In the fireplace, the flames crackled, and a piece of burning wood rolled down from the pile to rest against the iron wolves that guarded the hearth.
* * *
If he was allowed to choose, Herbert often got up in the second half of the day, when the sun was already going down. He knew it wasn't normal for people like the servants, but Father was awake all night, and he wanted as much time with Father as possible.
When Father had guests, there was less time for Herbert. Because of that he didn't protest much when Fräulein Barbara woke him in the late morning and told him they would go for a walk in the forest. The woods were different in the sun, all warm and green and pine-smelling. Since Eva died, Father took him to the forest sometimes, but only at night.

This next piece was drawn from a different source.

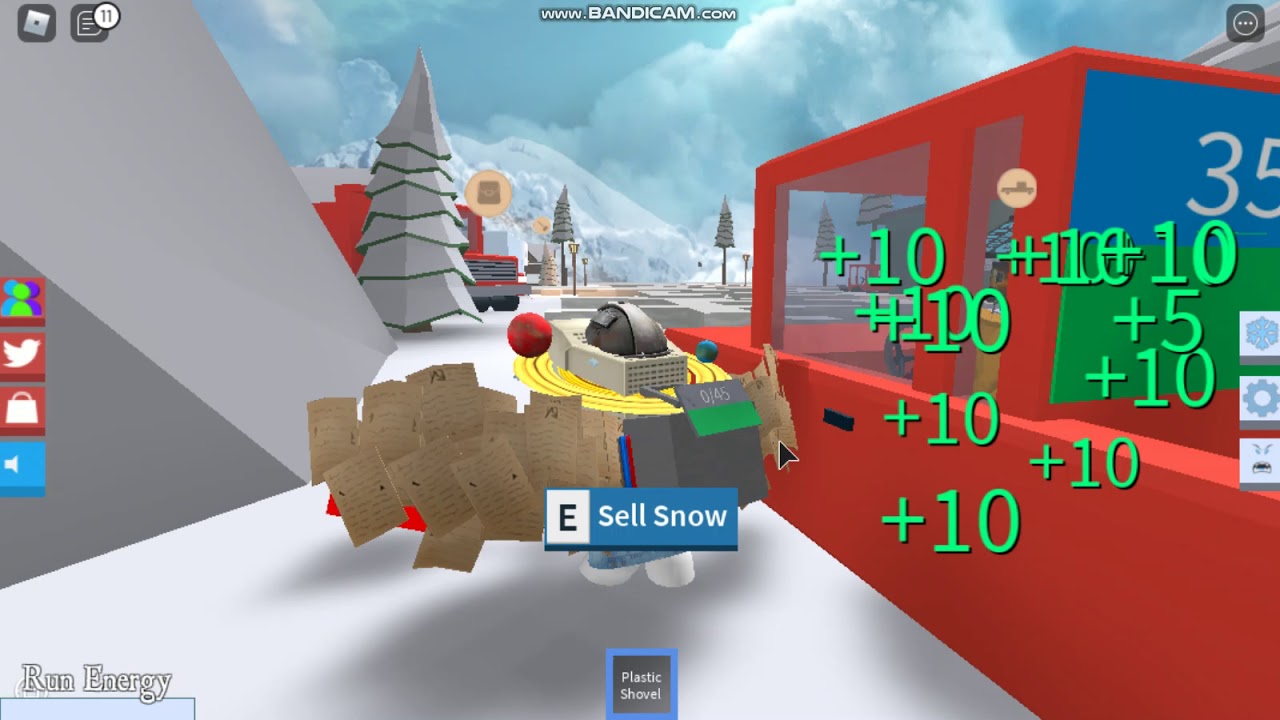 snow shoveling simulator money glitch 2020 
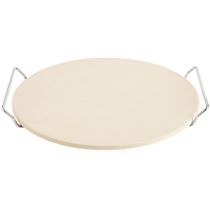 Jamie Oliver Keep It Simple Pizza Stone and Serving Rack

With Father, Herbert was never afraid of the shadows of the trees.
Fräulein Barbara sat on a fallen tree in the forest and picked him up, then put him next to her. He was a little curious, because she never carried him before, or hugged him like Father did. But this was Barbara, not Father who always answered questions, so he didn't ask.
She sighed. She looked sad, or maybe a little angry, like Father when he said the books weren't talking to him.
"You're a big boy now, Herbert," she said. "I think I have to ask you for help. His Excellency, your father is in terrible danger."
Herbert put his hand to his mouth. The forest didn't look so warm and safe anymore.
"Danger? Like vampires and werewolves and all?" he mumbled through the finger he was chewing on.
Barbara was quiet for a moment. Then she nodded.
"I recognised the name of Draculea, an old legend and a famous vampire, the most powerful of all vampires. After you were asleep, I carried a tray into the library for your father and his guest. It was the face I'd seen in books that spoke of Prince Draculea's cruelty and the horrors he wrought. He is Draculea, and he has walked the earth for two centuries, an abomination in the eyes of the Lord."
She crossed herself and Herbert belatedly followed. It made him feel a bit better, and he wondered why he didn't do it more often. Then again, Father had said it was faith in your mind, not what you did with your hands that mattered.
"I fear he has selected your father as his next victim to tempt away from the light," Barbara continued. "But his Excellency is a learned man, and I doubt if he'll listen to me if I tell him his friend is a vampire."
"Father listens to everything," Herbert said quietly. "And then he checks."
She smiled. "If you say so, young master. I would rather kill the vampire myself, but yesterday... he looked into my eyes and I fear he saw my hatred. He will not let me approach close enough to kill him."
"Can you kill a vampire?"
"Yes." She looked into the distance. "One method is a wooden stake through the heart. If you have a sword, you can cut off the head or cut out the heart. Vampires burn easily. Holy objects - holy objects are best. If you throw holy water at a vampire, he will burn."
Herbert looked down, at Barbara's clenched hand on the tree bark. He put his own fingers on Barbara's. They sat in silence until the sun started going down.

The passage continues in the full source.